Publicado em: Qua, 15/09/21 - 03h00

"O propósito dos EUA deve ser orientar o mundo para longe de um futuro multipolar vindouro em direção a um novo arranjo – um mundo unipolar. . . (onde) o avanço da democracia deve se tornar a pedra de toque de uma nova política externa ideológica” (Krauthammer, 1989).
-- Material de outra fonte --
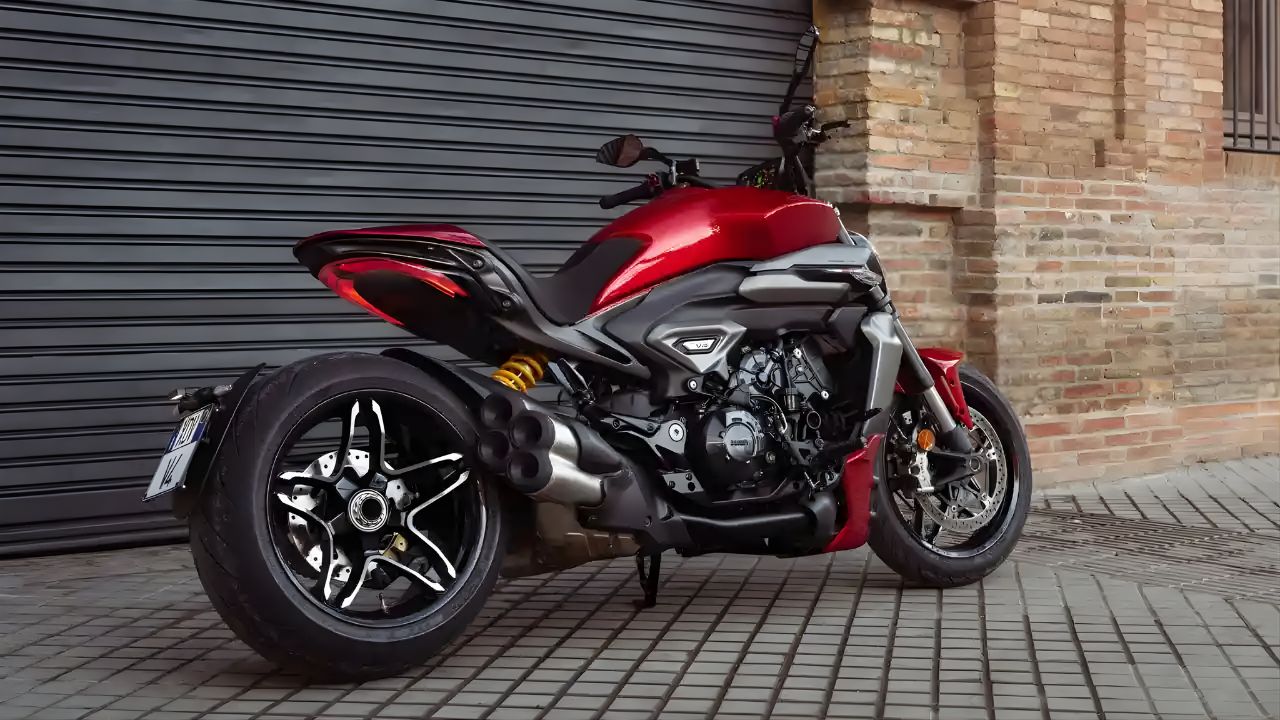 Ducati XDiavel V4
Em outubro de 2004, mais de 850 scholars de relações internacionais nos EUA assinaram um manifesto criticando a política externa do governo Bush Jr., as guerras do Afeganistão e do Iraque. Entre os signatários, ao menos 20 ex-presidentes da American Political Science Association (APSA) e da International Studies Association (ISA). Muitos pesquisadores acusaram o Executivo de colocar em risco a segurança nacional e global ao buscar associar a política externa a fatores morais que levaram a enormes erros políticos. A necessária demanda por uma resposta contraterrorista vigorosa veio junto a uma cruzada anti-islâmica e ideológica da Casa Branca.

Apesar do quase consenso acadêmico, não houve mudança de orientação da política externa ao longo do período. Ao contrário, o idealismo/moralismo de sentido religioso rompeu o governo republicano e manteve sua agenda com Obama, na política de mudança de regime, como na Primavera Árabe. Os resultados são decepcionantes e eram esperados.

O que levou a esse quadro, e quais são as consequências, aos 20 anos do 11 de Setembro?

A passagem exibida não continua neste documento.